Gandzasar
Gandzasar asırlar boyu Artsakh`ın dini merkezi olmuştur. 10 asırda Khaçen Çayının yukarı havzasındaki Khaçen kazasında yapılan bu manastır, Dağlık Karabağ Cumhuriyetinin şimdiki Martakert bölgesi Vank köyünün 2 km güney-doğusundadır. Gandzasar adına gelince, kökeni gandz olan, yani mücevher, bu Manastırın üzerinde yapıldığı sıradağlar, değerli madenler,özellikle de gümüş yataklar ile zengin olup, zamanında işletilmişti. Hemen yakınındaki “Vank” köyü ise adını manastır kelimesinden almıştır.
949 yılında Ermenistan Katolikosu Anania Mokatsi Kalketonlarla mücadele için Konsili, yani Piskoposlar Kurulunu toplantıya çağırır, kurula Gandzasar`ı temsilen rahip Sargis katılır. Ortaçağ kroniklerinde (Mkhitar Goş, 12-13. yüzyıl) Khaçen Melikinin 1140 yılında Selçuklulara karşı çarpışırken öldürüldüğü ve Gandzasardaki aile mezarlığına defnedildiği kaydedilmiştir. Khaçen-Artsakh Melikler Meliki Hasan-Calal Dolan ile annesi Khorişah 1216-1238 yıllarında manastırın Hovhannes Mkrtiç (Vaftizci Yahya) Katedralini inşa ederler. Moğol istilası nedeniyle kilisenin takdisi ertelenir ve bu ayin ancak 22 Temmuz 1240`ta Hazreti İsa`nın görünüşünün değiştiği Dağa Çıkış Bayramında yapılır. Ortaçağ tarihçisi Kirakos Gandzaketsi`nin kayıtlarında takdis şölenine 7 000 rahibin katıldığı yazılıdır. Rivayete göre Katedrali Hasan-Calal, Kudüs`ü ziyaret eden rahiplerde bulunan, daha sonra kardeşi tarafından ele geçirilen Vafizci Yahya`nın başını gömdüğü yerde inşa etmiştir. Bir başka rivayete göre Hz. Grigor Lusavoriç, torunu Grigoris ve diğer azizlerden kalan kutsal emanetler de burada gömülüdür. Kurulduğu günden beri Gandzasar Piskoposluk merkezi olarak hizmet görmektedir.
Gerçi tarihi kaynaklar Manastırın maalesef günümüze ulaşmamış en eski tapınakların yerinde inşa edildiğini yazar, ancak Manastır çevresinde 1174, 1181 ve 1202 tarihli haçkarlara raslanmaktadır.
Hasan Calal 12. asrın en tanınmış meliklerindendi. Sarayının harabeleri Manastırdan pek uzak değildir ve saray anlamına gelen “Darabaslar”, diye adlandırılmaktadır.

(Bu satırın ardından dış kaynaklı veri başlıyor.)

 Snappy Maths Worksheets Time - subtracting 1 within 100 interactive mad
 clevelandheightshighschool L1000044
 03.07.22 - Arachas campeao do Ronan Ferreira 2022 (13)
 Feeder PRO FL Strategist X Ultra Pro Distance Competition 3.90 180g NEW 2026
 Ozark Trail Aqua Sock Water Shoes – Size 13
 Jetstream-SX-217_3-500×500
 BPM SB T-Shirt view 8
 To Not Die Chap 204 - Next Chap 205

Gandzasar sadece ruhu teselli etmekle kalmıyor,insana muhteşem manzaralar da armağan ediyor. |
Muhteşem nakışlarla bezenmiş giriş ve avulunun kapıları | Manastır arazisinde haçkar-mezar taşı |
Surb Hovhannes Kilisesi, dönemin Ermeni mimarisinde, en değerli eserler arasındadır. Hem kubbesinin mütesana mimarisi, hem yazıt ve kabartma nakışlarıyla göz doldurmaktadır.

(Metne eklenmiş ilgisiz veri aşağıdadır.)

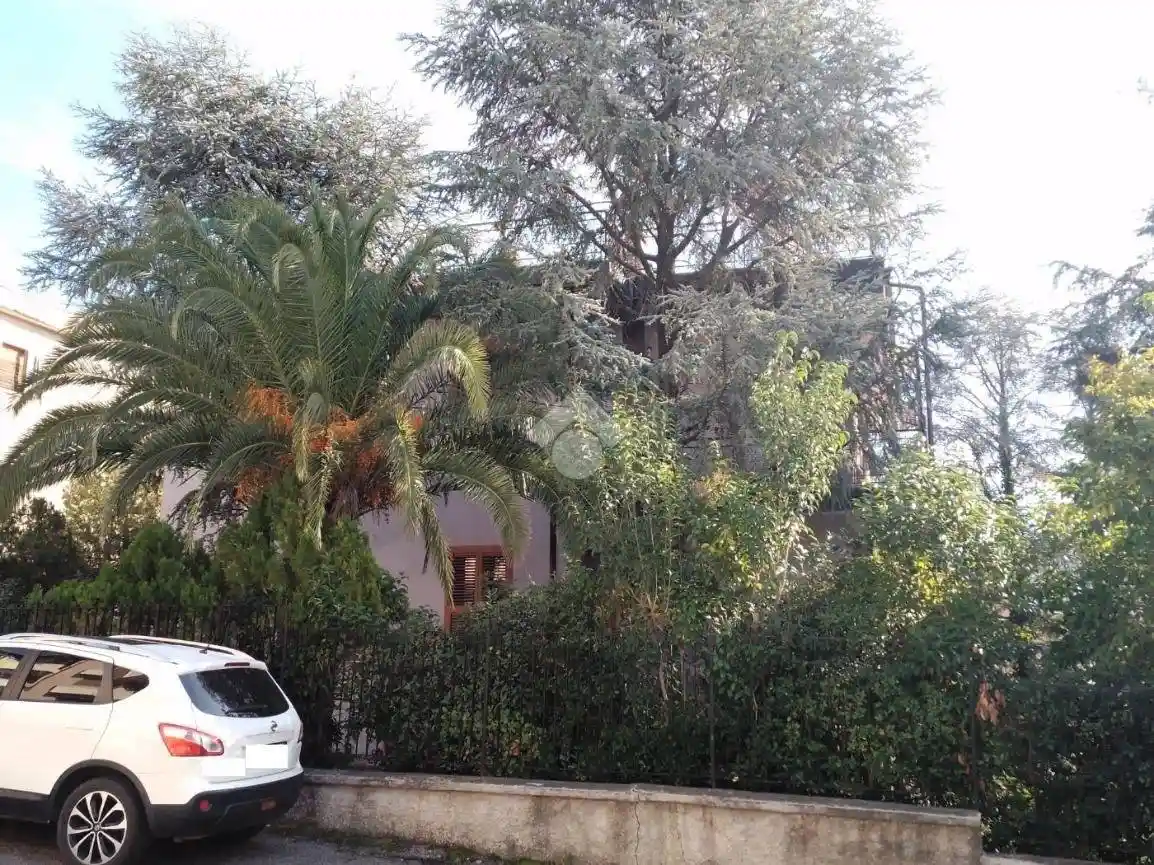 Villa unifamiliare via Don Milani 5, Andreotta, Castrolibero - foto 2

Avlusu ise bir başka şaheser olup, yapımına Hasan-Calalin eşi Mamkan ile çocukları tarafından başlanmış ve 1261 yılında Atabek-İvane`nin gayretleriyle tamamlanmıştır. Tasarımıyla Haghpat veMikavank manastırlarının avlularını anımsatmaktadır. Burada prensler ve yüksek dereceli din insanları defnedilmiştir. 1781, 1851 ve 1907 yıllarında kısmen onarılmıştır. Manastırın doğu kısmında rahiplerin ikametgahları, kuzey kısmında ise mezarlıklar bulunmaktadır. Manastır dışında yer alan eski ve büyük mezarlıklar zamanla köy mezarlığına dönüştürülür.

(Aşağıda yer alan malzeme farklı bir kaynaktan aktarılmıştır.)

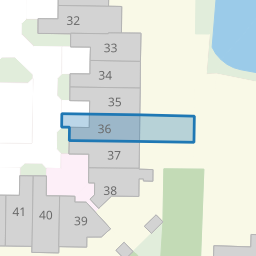 Perceel HDR00-H-1582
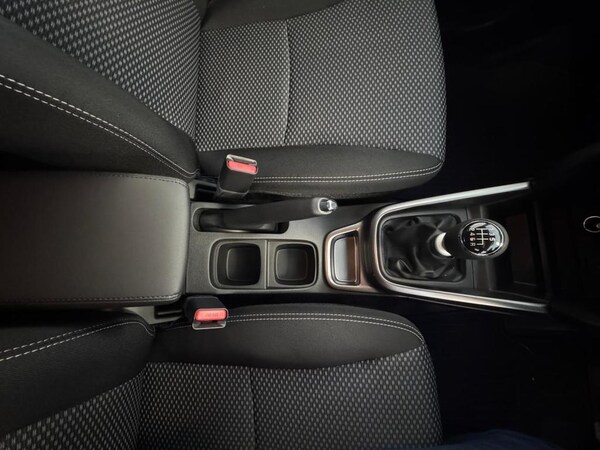 Used Suzuki Vitara 2025 for sale - 76202119: Photo 27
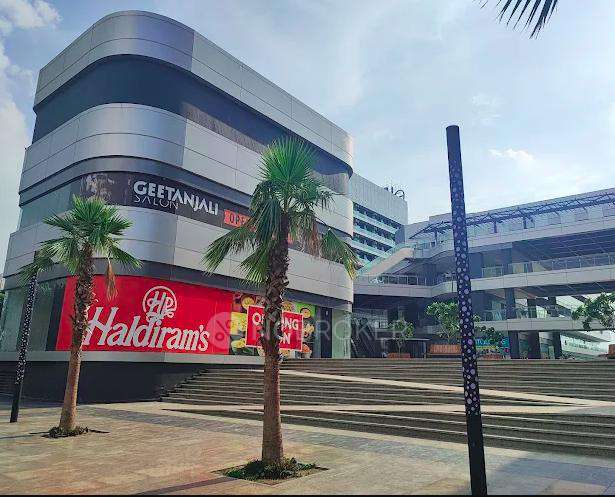 Shop in Sector 84, Gurgaon for sale 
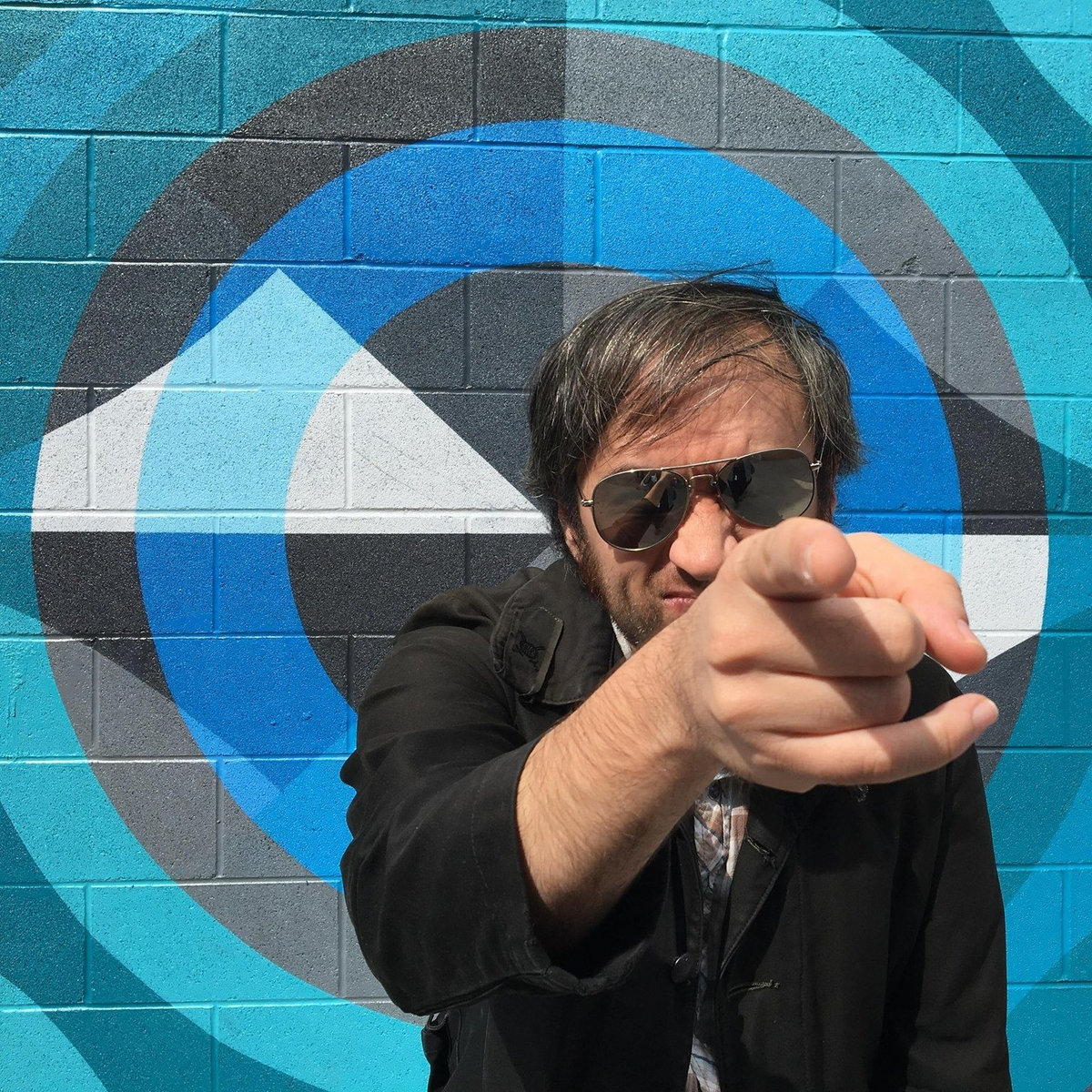 Stuck Inside of NYC With the COVID19 Blues Again The Night Mayor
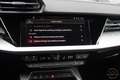 Audi A3 Sportback 40 TFSI e MatrixLED B&O Camera Sline Blauw - thumbnail 24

Manastır surlarında 2 yüzü aşık yazıtlar mevcuttur. Bunlar Gandzasar`ın araştırılmasında güvenilir kaynak görevi yapmakta olup, manastırın mimari özellikleri de onu “Ermeni kilise mimarisinin ansiklopedisi” yapmıştır.
Manastır bir kütüphane ve zengin el yazma eserler kolleksiyonuna sahipti. 12-13. asırlarda yazılan “Gandzasarın kırmızı İncili” diye tabir edilen Kutsal Kitap şimdi Chikago Üniversitesi kütüphanesinde muhafaza edilmektedir.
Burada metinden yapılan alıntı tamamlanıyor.